The days pass, and Diane finds herself frustrated by the fact that
she is not allowed to fly. Emma finds a job as a shop-girl in London,
but Gwen seems hesitant, and tells Emma they will try to find her
a job in Cardiff instead. However, Rhys discovers that Emma is not
Gwen's cousin, and Gwen is forced to admit that it has something to
do with her work, which she cannot talk about. Rhys is more upset
with the fact that it was so easy for Gwen to lie to him. Gwen confides
in Emma that Torchwood and real life are like two separate worlds;
Emma points out that is why Gwen has to let her go.

Ianto finds his car keys missing, and tells Jack that he suspects
John has taken them. They track the car to John's old address, where
Jack finds him, locked in the car, trying to kill himself with carbon
monoxide fumes. Jack stops him, pleading with John to give life a
chance, that he can still start a family, make friends and get a job.
John replies that he did all that years ago, when he was meant to.
He asks Jack to let him die with dignity rather than condemn him to
live and Jack reluctantly agrees. Starting the engine again, Jack
sits with John in the car until John passes out from the gas and expires
peacefully.
Owen and Diane have grown even closer. Owen tells Diane that he is
experiencing feelings about her that do not fit with his usual dealings
with women. Diane responds by saying that she loves him too. As he
sleeps, she watches him and says that the thing about love is that
one is always at its mercy. The next morning, Owen finds her side
of the bed empty, and a note on the pillow.
That same morning, Gwen takes Emma to the coach station so she can
go to London. Gwen has bought her a return ticket just in case, warns
Emma not to talk to strangers and asks her to call the moment she
gets there. As the coach arrives, Gwen tells Emma she does not have
to go, but Emma says that if she does not, she will always wonder
what it would have been like. They hug and Emma gets on the coach.
Owen finds Diane at the airfield, where she is readying the Sky Gypsy
for take-off. The weather conditions are the same as on the day they
arrived, and Diane is confident that the Rift will open again. Owen
begs her not to leave, telling her that the Rift will not take her
back home, and there is no way to predict where she will end up. However,
Diane is willing to take that chance, and will not let Owen go with
her. She gives him her scarf and kisses him good-bye.

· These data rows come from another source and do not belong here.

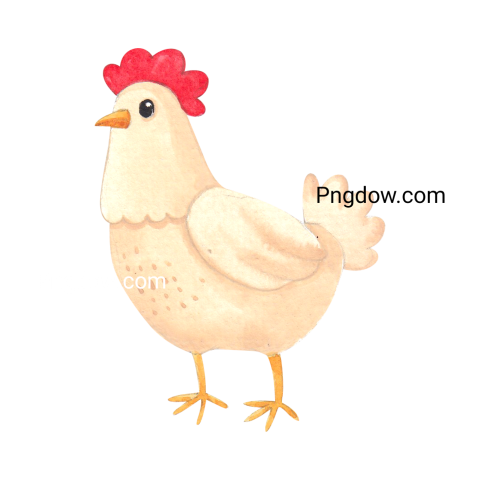 Chicken Png image with transparent background for free, Chicken, (30)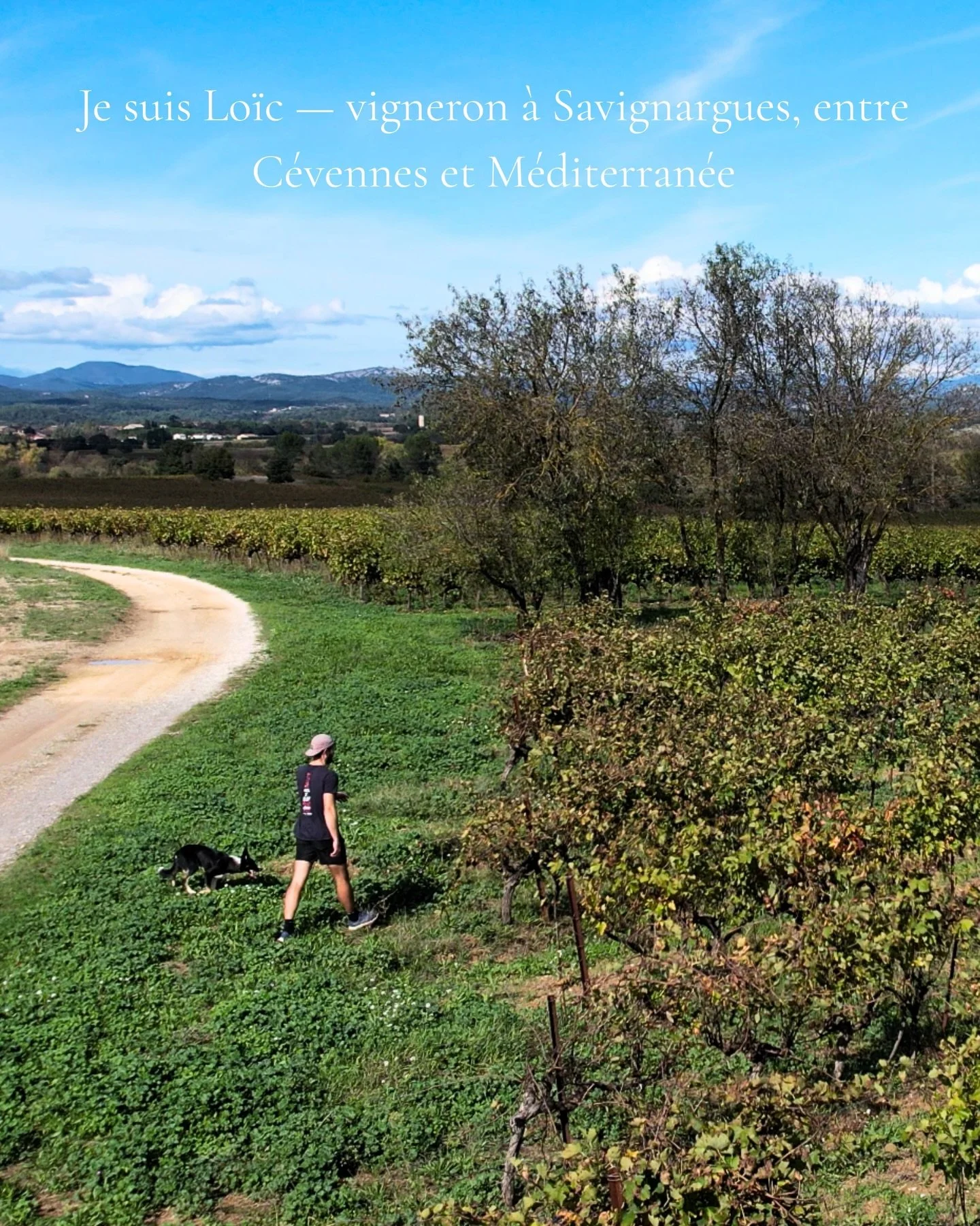 Bonjour, je suis Lo&iuml;c &mdash; vigneron &agrave; Savignargues, entre C&eacute;vennes et M&eacute;diterran&eacute;e.

Je travaille aujourd&rsquo;hui sur les terres de mon p&egrave;re.
J&rsquo;ai grandi ici, au milieu des vignes.
Clau du Sol, c&rsq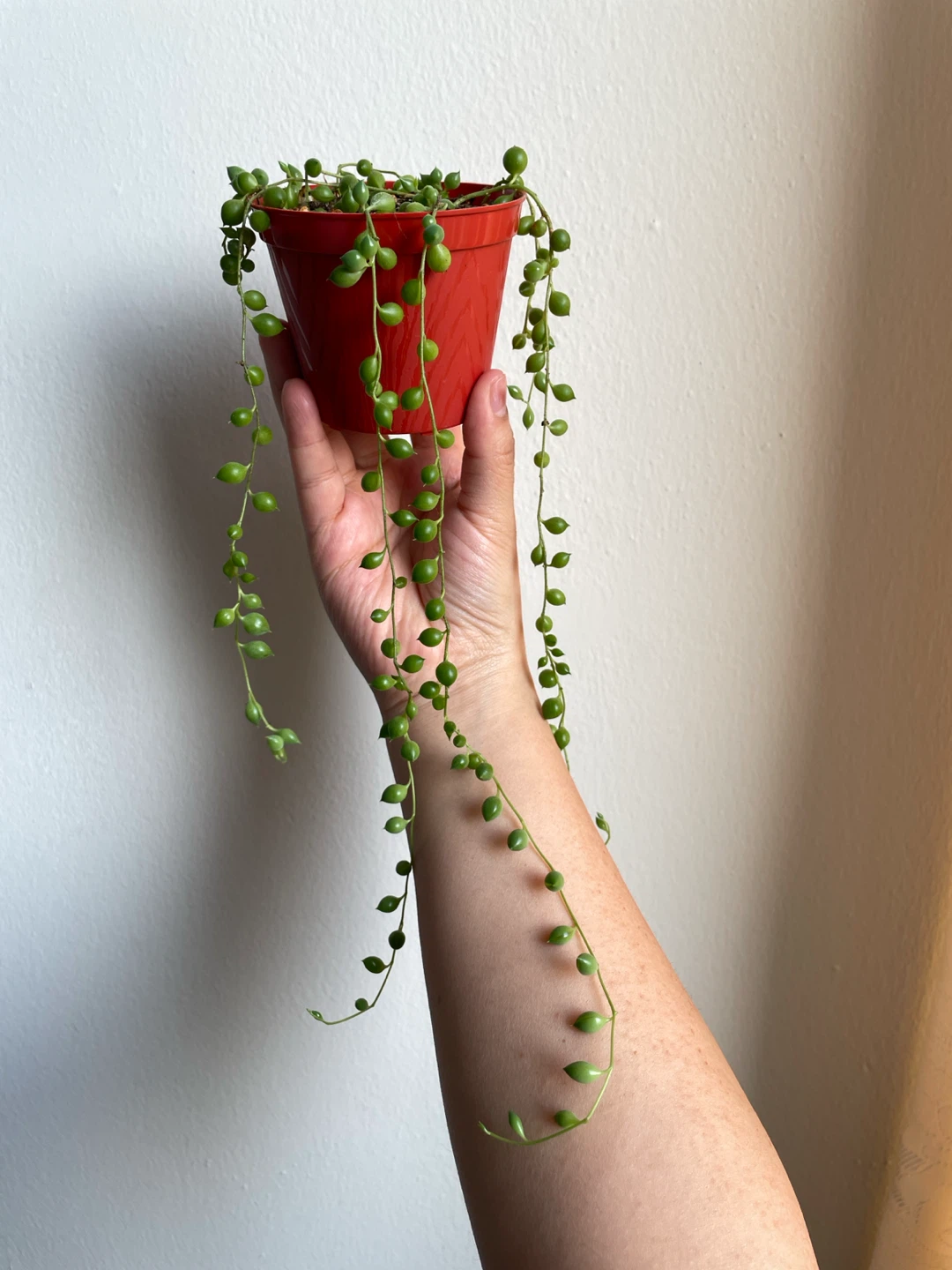 String of Pearls Plant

Jack, Gwen and Owen think back on how the three have touched their
lives. Owen stands on the runway and watches the Sky Gypsy rise into
sky, vanishing into the clouds.

Analysis by Cuisle
An episode with no monsters, nothing blowing up, nothing ‘happening’
in the accepted sense of science fiction. This is a story about how
three people thrown forward from 1953 to 2007 cope with their situation
while at the same time showing how three of the Torchwood team are
affected by their relationship with them.
And why not? Did anyone EVER say that science fiction had to be all
aliens and space ships? Did anyone EVER say that the Torchwood team
had to spend all their time in mortal danger? My only thought was
that this made two ‘quiet’ episodes in a row, and possibly
it would be better to have split them up with a more expected ‘action’
episode.
But that aside, we quickly get three intermingled stories, so let’s
look at each one.
Owen and Diane – To me, at least, Jack would SEEM to be the
one who would be attracted to the vivacious Diane, but it was Owen
with which she formed a bond. It quickly became a sexual bond, but
again, why not. 1953 WAS a time of sexual oppression for some, especially
the working classes and middle classes. But Diane is one of the exceptions
of her time. A woman who lives in a man’s world, not trapped
in the accepted role of wife, mother which is suggested by Emma’s
contrasting life.
Diane’s frustration with not being able to fly, and the fact
that learning for her licence in 2007 involves fly by wire computers
not ‘grassroots flying’ is important, but it is not central
to her character as it is for John. At least not at first. Her relationship
with Owen takes centre stage for a while, making her forget her problems.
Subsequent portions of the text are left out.